Kirkus Reviews QR Code
THE PLAGUE OF WAR by Jennifer T. Roberts Kirkus Star

THE PLAGUE OF WAR

Athens, Sparta, and the Struggle for Ancient Greece

by Jennifer T. Roberts

Pub Date: Jan. 1st, 2017
ISBN: 978-0-19-999664-3
Publisher: Oxford Univ.

Lively study of the Peloponnesian War by noted classicist Roberts (Classics and History/City Coll. of New York; Herodotus: A Very Short Introduction, 2011, etc.).

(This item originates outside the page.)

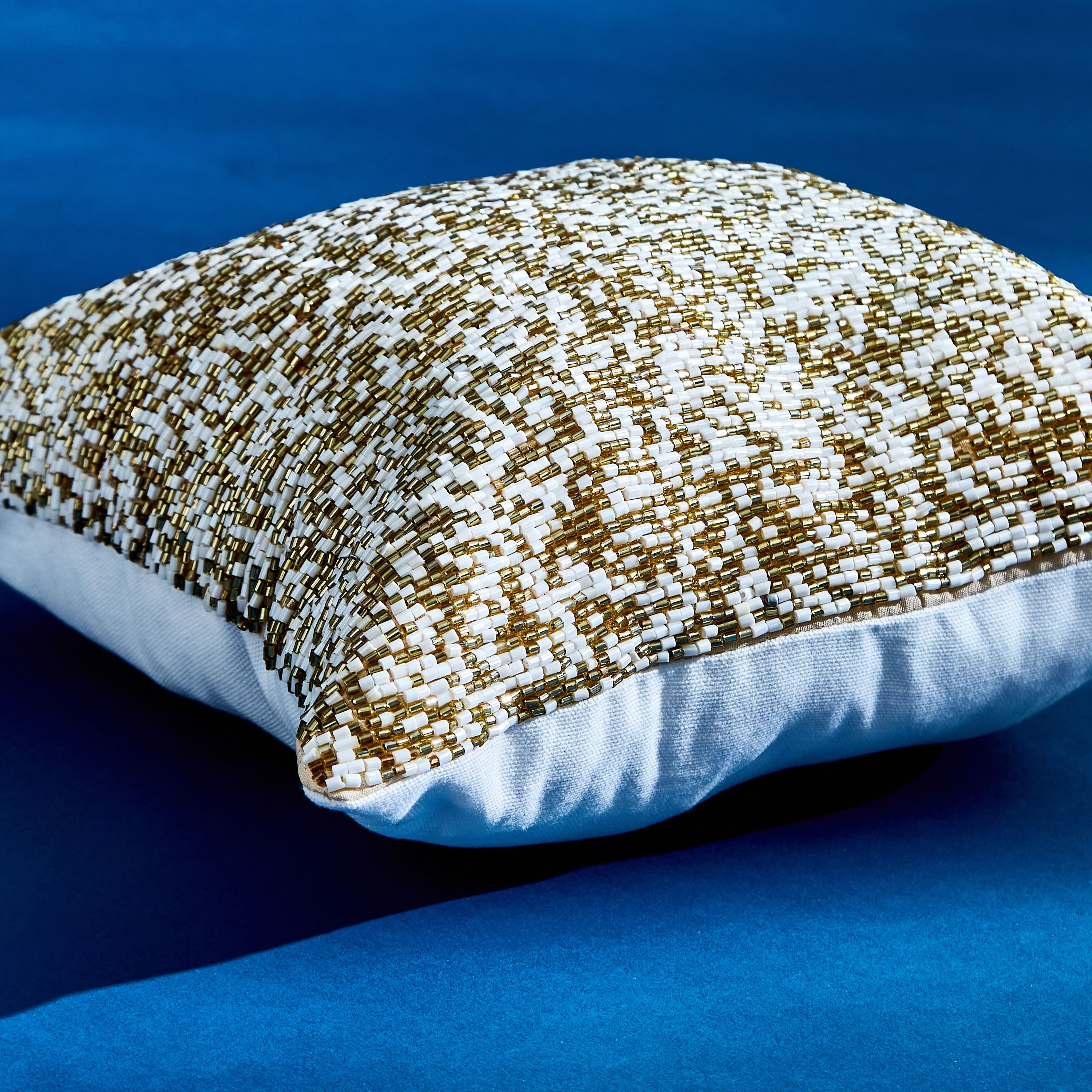وسادة محشوة مطرزة من أمبريدج بليز - 30×30 سم-hbxlivingroom-furnishings-cushionsandcovers-filledcushions-image-2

In the author’s telling, both Athens and Sparta, despite having nursed long grudges, entered somewhat reluctantly into the long conflict that became known, “Athenocentrically,” as the Peloponnesian War. That designation came largely through Thucydides, who wrote a magnificent though sometimes-ponderous account of the struggle. Roberts adds to her predecessor’s eye for the telling detail a vigorous prose style: “This was a war that might well not have happened. The king of Sparta had no stomach for it, and his countrymen were anxious enough that they sent to Delphi throughout for reassurance even after they had voted for it.” Allowing people—well, free males, anyway—to vote on whether to go to war was a Spartan custom, not widely shared even in supposedly democratic states. But Roberts allows that, as Thucydides himself believed, things had gone too far to allow either side to back down from war. The author is a stickler for exactitude; here she points out that an ancient account is off, there that the terminology is wrong—the first decade of conflict is called the Archidamian War, she notes, after the Spartan king, but it was really the bellicose Athenian leader Pericles who deserves the rubric. Overall, she does a very good job of sorting out the complexities of the war, which came to involve not just Athens and Sparta, but also allies, willing and unwilling, throughout the Mediterranean, as well as contending ethnicities and, to complicate matters even further, the Persians, who would go on to make trouble for both sides. Roberts also connects the war to later historical developments, such as the forging of treaties among Greek powers in the following century and the crafting of the Socratic dialogues of Plato, whose Republic reiterates the old arguments over which kind of state was best, the Spartan or the Athenian.

Literate and lucid—a fine complement and corrective to the ancient sources.